The data ->
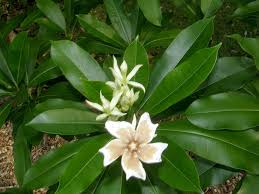 Attēlu rezultāti vaicājumam “Apocynaceae”
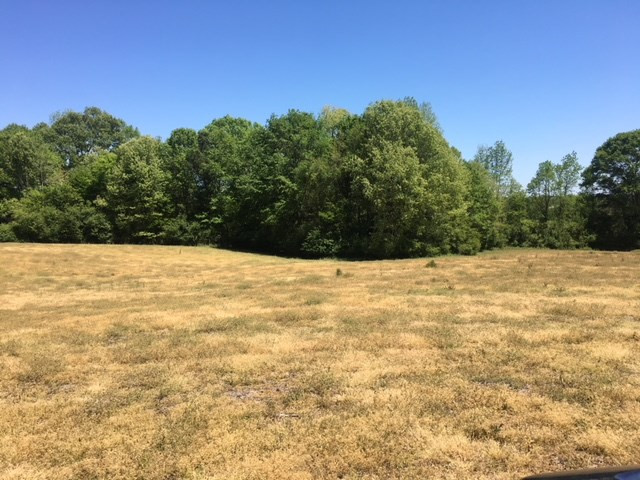 0 Massey Road Carthage, MS 39051 - Photo 8 of 14 Photo 8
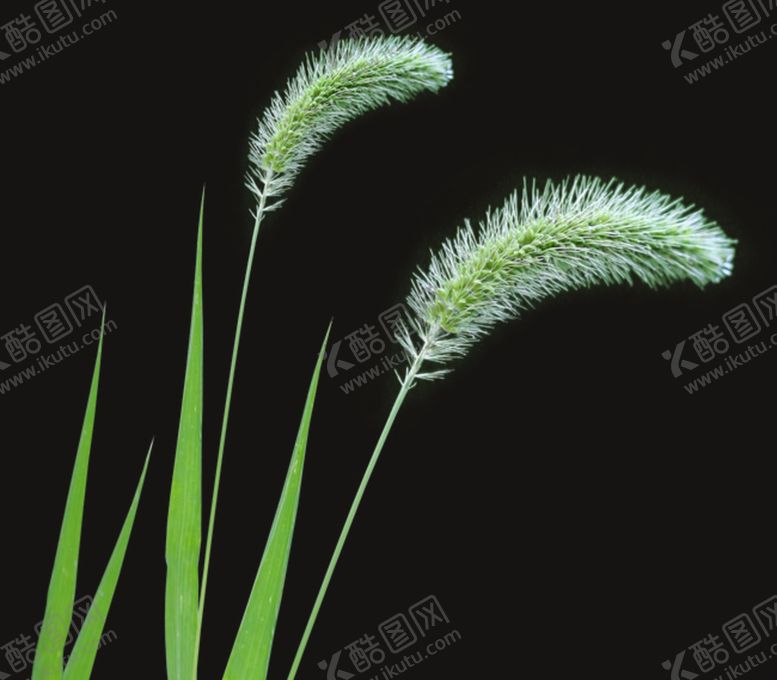 编号：73443509221637155317【酷图网】源文件下载-狗尾巴草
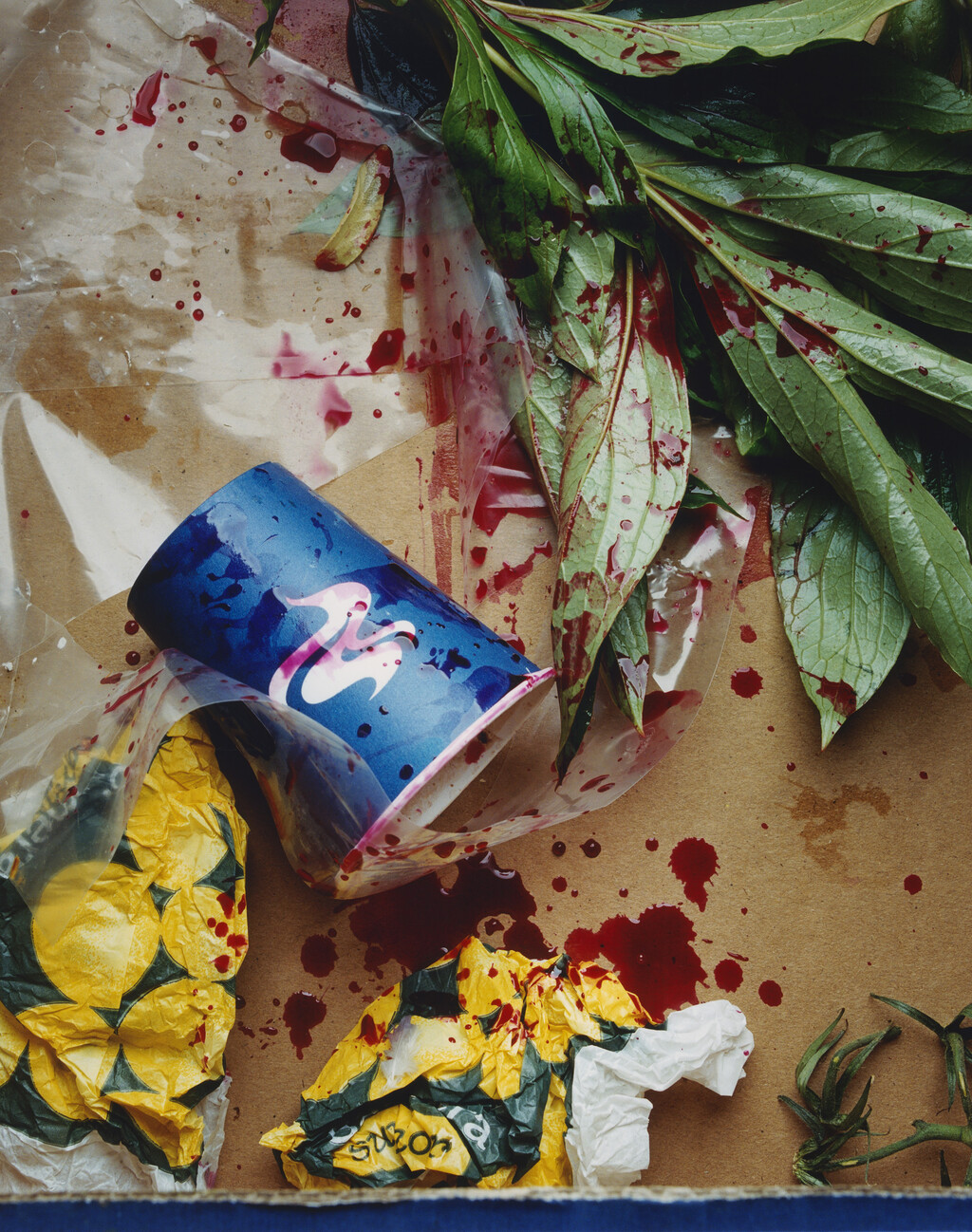 Sidewalk Stills - © Charles Negre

Problem statement -> Return the whole of the material above exactly, with no picture carried over.

Completed task ->
 Attēlu rezultāti vaicājumam “Apocynaceae”
 0 Massey Road Carthage, MS 39051 - Photo 8 of 14 Photo 8
 编号：73443509221637155317【酷图网】源文件下载-狗尾巴草
 Sidewalk Stills - © Charles Negre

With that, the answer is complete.